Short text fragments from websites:
------------------------------

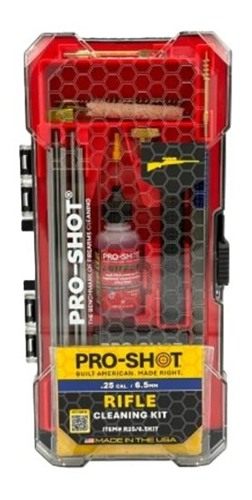 PRO Shot R2565KIT Classic Box Kit .25/ 6.5mm Cal Rifle/Black Plastic Case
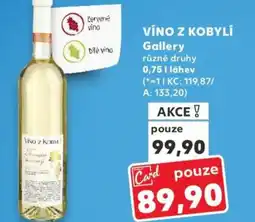 Kaufland VÍNO Z KOBYLÍ Gallery nabídka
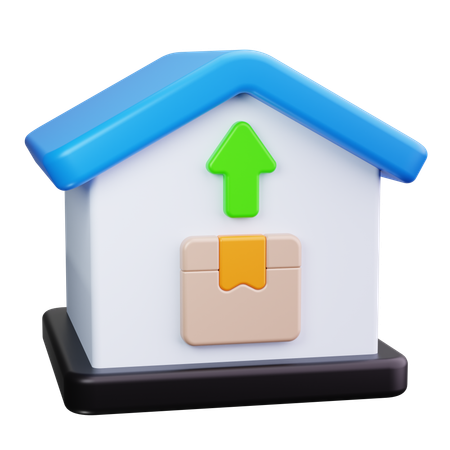 Hauslieferung  3D Icon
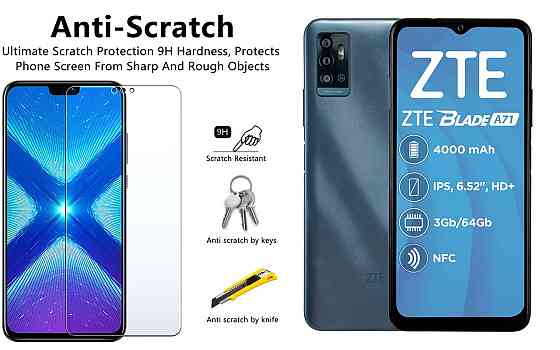 Захисне скло NeoGlass для ZTE BLADE A71 – надпрозоре та стійке Київ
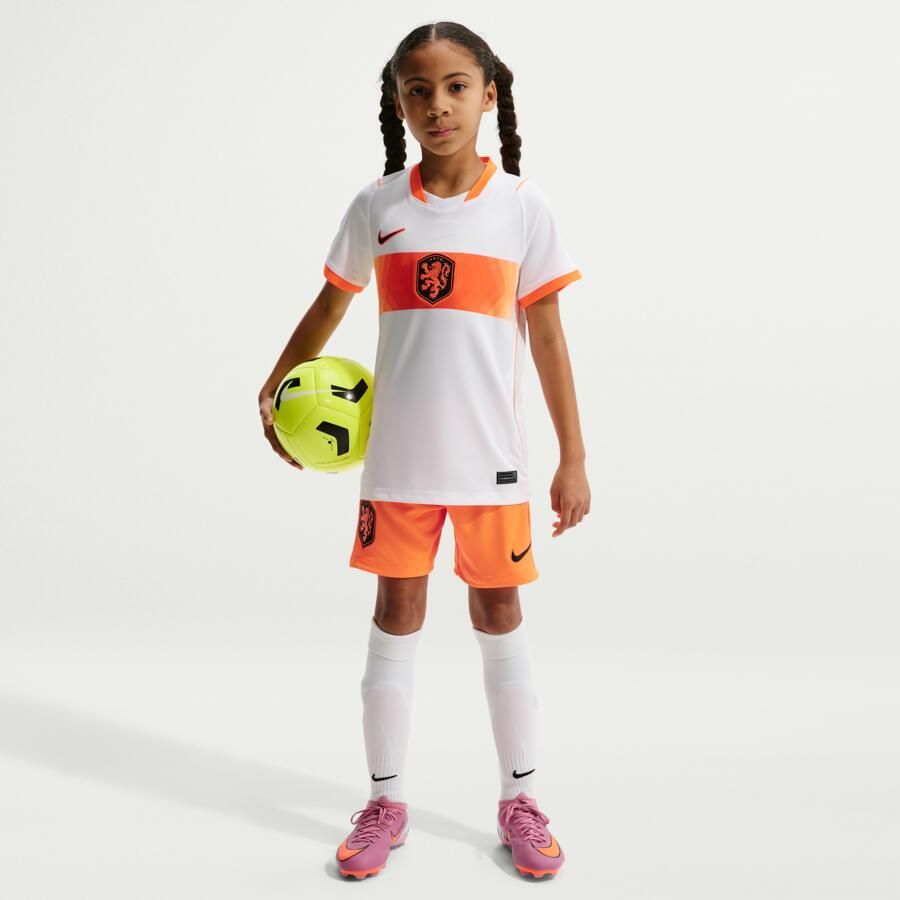 Nike Nederland 2026 Stadium Uit Dri-FIT replica voetbalshorts voor kids Oranje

------------------------------

▸ **WHAT YOU NEED TO DO**
Every line from the one with "Kaufland VÍNO Z KOBYLÍ Gallery nabídka" through the end of the records is to be reproduced exactly, and the pictures are to be left out.

▸ **EXERCISE RESULT**
 Kaufland VÍNO Z KOBYLÍ Gallery nabídka
 Hauslieferung  3D Icon
 Захисне скло NeoGlass для ZTE BLADE A71 – надпрозоре та стійке Київ
 Nike Nederland 2026 Stadium Uit Dri-FIT replica voetbalshorts voor kids Oranje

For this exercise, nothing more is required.